A species of bacteria that lived 407 million years ago likely flourished among early land plants.

Detailed 3D reconstructions of fossils discovered in Scotland are helping scientists understand more about how microbial life influenced early terrestrial ecosystems.

Cyanobacteria evolved early in our planet’s history and played an important role in shaping life as we know it.

These tiny microorganisms have been well documented in marine rocks, but scientists are trying to understand more about how they first colonized land.

Langiella scourfieldii is a species of cyanobacteria that is part of the Hapalosiphonaceae family and grew among early land plants more than 400 million years ago in the Early Devonian.

A new study published in iScience It reveals that L. scourfieldii is the oldest Hapalosiphonaceae species known to have colonized lands. It would have thrived in soil, fresh water and hot springs, as its living relatives do today.

“With the 3D reconstructions, we were able to see evidence of branching, which is a feature of the cyanobacteria Hapalosifonas,” says Dr. Christine Strollo-Deren, a research scientist at the museum and lead author of the study. “This is exciting because it means that these are the oldest cyanobacteria from this species.” The kind found on Earth.”

What are cyanobacteria?

Cyanobacteria are an ancient group of microorganisms. Their fossils are among the oldest ever discovered, with the oldest widely accepted dating back to about 2 billion years ago.

Today it is one of the largest and most important groups of bacteria. They live in and around aquatic environments almost everywhere on Earth, including oceans, fresh water, moist soil, and even Antarctic rocks.

Although they are small and single-celled, they often grow in colonies large enough to be seen with the naked eye, and are known for their broad blooms that turn the surface of the water blue-green.

These microorganisms played an important role in shaping the evolution of life. They carry out photosynthesis in a similar way to plants and are responsible for helping to create an oxygen-rich atmosphere.

About 2.4 billion years ago, masses of photosynthetic cyanobacteria began the Great Oxygenation Event, when oxygen began to replace other gases such as methane in the atmosphere. This led to what many scientists describe as the first mass extinction on Earth as organisms that had adapted to anaerobic life began to die out.

Cyanobacteria probably originated in freshwater environments, so scientists believe they began colonizing lands early in their history.

“In the Early Devonian, cyanobacteria played the same role they do today,” Christine says. “Some organisms use them for food, but they are also important in photosynthesis.
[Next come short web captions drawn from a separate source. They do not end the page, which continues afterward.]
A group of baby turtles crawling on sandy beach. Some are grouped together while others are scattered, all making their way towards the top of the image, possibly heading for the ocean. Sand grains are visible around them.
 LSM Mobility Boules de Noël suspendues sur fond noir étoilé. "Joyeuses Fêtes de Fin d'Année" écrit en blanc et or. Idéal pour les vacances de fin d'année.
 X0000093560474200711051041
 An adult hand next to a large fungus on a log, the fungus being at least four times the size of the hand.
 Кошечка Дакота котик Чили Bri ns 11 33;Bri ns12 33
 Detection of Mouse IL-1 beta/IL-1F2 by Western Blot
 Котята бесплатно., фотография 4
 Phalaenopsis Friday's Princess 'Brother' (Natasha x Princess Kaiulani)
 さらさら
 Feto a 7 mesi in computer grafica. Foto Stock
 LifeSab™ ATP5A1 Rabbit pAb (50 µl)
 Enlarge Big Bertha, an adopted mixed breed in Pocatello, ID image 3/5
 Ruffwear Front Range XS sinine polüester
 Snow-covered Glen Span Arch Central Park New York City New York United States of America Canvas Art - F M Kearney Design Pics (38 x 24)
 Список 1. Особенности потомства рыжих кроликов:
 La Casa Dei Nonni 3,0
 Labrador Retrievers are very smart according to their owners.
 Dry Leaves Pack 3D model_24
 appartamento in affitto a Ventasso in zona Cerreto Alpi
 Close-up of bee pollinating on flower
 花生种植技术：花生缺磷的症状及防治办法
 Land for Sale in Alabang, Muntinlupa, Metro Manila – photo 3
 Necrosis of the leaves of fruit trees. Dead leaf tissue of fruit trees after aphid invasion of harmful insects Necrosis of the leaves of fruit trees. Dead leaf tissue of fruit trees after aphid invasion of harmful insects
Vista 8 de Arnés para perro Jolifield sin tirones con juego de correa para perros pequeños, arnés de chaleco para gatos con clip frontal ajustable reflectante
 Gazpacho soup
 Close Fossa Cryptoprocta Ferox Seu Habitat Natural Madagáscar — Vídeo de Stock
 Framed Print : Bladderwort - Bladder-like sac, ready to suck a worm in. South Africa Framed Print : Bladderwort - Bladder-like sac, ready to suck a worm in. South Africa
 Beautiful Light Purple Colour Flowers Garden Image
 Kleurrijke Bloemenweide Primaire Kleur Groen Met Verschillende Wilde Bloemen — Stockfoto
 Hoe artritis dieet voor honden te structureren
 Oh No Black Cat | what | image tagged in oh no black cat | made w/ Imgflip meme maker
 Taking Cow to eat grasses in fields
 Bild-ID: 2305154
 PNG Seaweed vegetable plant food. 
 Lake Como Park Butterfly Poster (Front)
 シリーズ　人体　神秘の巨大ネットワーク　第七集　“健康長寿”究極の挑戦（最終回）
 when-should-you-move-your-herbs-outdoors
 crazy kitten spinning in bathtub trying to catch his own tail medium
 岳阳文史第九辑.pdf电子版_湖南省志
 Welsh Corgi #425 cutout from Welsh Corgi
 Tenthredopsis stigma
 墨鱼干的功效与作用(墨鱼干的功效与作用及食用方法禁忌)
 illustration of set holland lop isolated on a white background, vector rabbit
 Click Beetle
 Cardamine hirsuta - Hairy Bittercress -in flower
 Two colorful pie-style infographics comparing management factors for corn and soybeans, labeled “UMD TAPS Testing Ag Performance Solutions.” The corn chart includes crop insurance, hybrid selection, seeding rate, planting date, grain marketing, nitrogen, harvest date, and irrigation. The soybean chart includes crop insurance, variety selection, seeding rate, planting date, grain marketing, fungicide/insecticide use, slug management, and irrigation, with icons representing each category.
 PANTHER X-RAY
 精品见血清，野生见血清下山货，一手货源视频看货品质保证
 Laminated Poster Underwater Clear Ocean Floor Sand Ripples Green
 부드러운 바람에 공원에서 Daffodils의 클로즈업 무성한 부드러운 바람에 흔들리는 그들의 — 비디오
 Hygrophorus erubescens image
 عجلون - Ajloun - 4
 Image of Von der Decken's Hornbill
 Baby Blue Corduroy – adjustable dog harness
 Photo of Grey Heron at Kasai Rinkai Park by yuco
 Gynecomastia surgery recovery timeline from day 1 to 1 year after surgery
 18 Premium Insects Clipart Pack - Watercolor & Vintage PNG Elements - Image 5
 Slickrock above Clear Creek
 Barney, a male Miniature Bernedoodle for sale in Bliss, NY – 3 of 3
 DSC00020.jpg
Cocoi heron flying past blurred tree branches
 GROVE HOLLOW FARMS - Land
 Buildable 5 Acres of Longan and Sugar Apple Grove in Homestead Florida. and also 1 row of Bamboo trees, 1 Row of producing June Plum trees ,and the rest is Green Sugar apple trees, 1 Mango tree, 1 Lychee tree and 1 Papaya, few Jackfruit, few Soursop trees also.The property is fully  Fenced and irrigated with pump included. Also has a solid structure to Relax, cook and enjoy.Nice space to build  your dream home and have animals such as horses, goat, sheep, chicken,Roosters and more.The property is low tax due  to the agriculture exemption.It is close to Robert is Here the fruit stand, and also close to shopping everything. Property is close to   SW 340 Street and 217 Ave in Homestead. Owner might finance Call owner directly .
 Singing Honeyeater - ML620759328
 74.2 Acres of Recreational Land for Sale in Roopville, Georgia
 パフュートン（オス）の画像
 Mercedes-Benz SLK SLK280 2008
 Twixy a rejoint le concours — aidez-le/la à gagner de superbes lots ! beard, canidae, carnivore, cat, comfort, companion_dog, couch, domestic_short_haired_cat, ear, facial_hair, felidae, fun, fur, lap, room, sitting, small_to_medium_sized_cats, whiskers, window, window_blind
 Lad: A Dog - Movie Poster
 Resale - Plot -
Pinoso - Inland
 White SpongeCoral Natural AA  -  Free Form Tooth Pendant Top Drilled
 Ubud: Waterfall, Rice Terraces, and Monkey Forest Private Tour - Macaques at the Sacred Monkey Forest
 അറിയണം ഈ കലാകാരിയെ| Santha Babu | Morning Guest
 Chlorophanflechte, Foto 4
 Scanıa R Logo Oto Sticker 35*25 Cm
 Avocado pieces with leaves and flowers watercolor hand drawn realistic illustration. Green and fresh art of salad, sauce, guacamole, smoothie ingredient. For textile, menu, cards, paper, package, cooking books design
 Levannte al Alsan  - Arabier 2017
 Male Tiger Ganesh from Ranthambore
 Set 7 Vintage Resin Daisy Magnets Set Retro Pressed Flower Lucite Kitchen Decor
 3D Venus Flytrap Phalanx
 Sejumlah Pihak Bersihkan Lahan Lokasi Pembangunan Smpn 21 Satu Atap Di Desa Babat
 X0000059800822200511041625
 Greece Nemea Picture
We knew they were already around when plants first began to colonize Earth, and may have competed with them for space.”

How was Langella scorveldi discovered?

L. scourfieldii was first discovered in 1959 along with two other species from a piece of rock found at the Rhynie Chert excavation site in Aberdeenshire.

The original descriptions were based on specimens in museum collections, but more recently, similar specimens discovered in the collections of the Sorbonne University in Paris have been found to be of the same species.

“The three species of cyanobacteria that were described in 1959 were created from a small piece of rock that is difficult to image and study,” Christine says.

“Fortunately, we have found new samples of Rhynie Chert containing cyanobacteria that we can study in more detail using confocal microscopy.”

One of the main characteristics of this type of bacteria is the presence of what is known as “true branching”. This occurs when individual bacteria grow side by side in a single line, with some of the lines breaking off in different directions to form a branching structure.

While cyanobacterial remains are relatively common in the Rhynie Chert, many do not show such true branching. By finding it in L. scourfieldii, researchers can confirm the presence of the bacteria in this ecosystem.

What did the Rhynie Chert look like in the Early Devonian?

More than 400 million years ago, the Aberdeenshire landscape looked vastly different than it does today.

A large portion of Earth’s land area was located in the Southern Hemisphere. Located just south of the equator, Scotland experiences a tropical to subtropical climate.

Meanwhile, the Rainy Chert was an area of ​​flat, sandy land with shallow pools of fresh to brackish water. The area’s volcanic activity and hot springs mean it likely resembles modern Yellowstone National Park.

However, its biodiversity would have looked very different, as it did in the Early Devonian before forests and vertebrates became dominant on Earth.

Instead, the focus of life was on wet rocks near pools of water. These areas would have been covered with microbial mats consisting of bacteria, algae and fungi.

Because the soil at that time was not deep, the plants did not have complex root systems, so instead they grew on these microbial mats attached to tiny structures called roots.

At some point, the silica released from the hot springs settled around the organic matter, quickly preserving it in flint, a finely crystalline quartz. The exceptional preservation of these creatures makes the Rhynie Chert a globally important site for scientists.

“The Rhynie Chert is a special site because it is 400 million years old, and much of the environment from this time has been preserved,” says Christine.

“It’s the only site where you find traces of all living things together: plants, animals, fungi, bacteria and algae. And you can see the interactions between species that might be occurring.”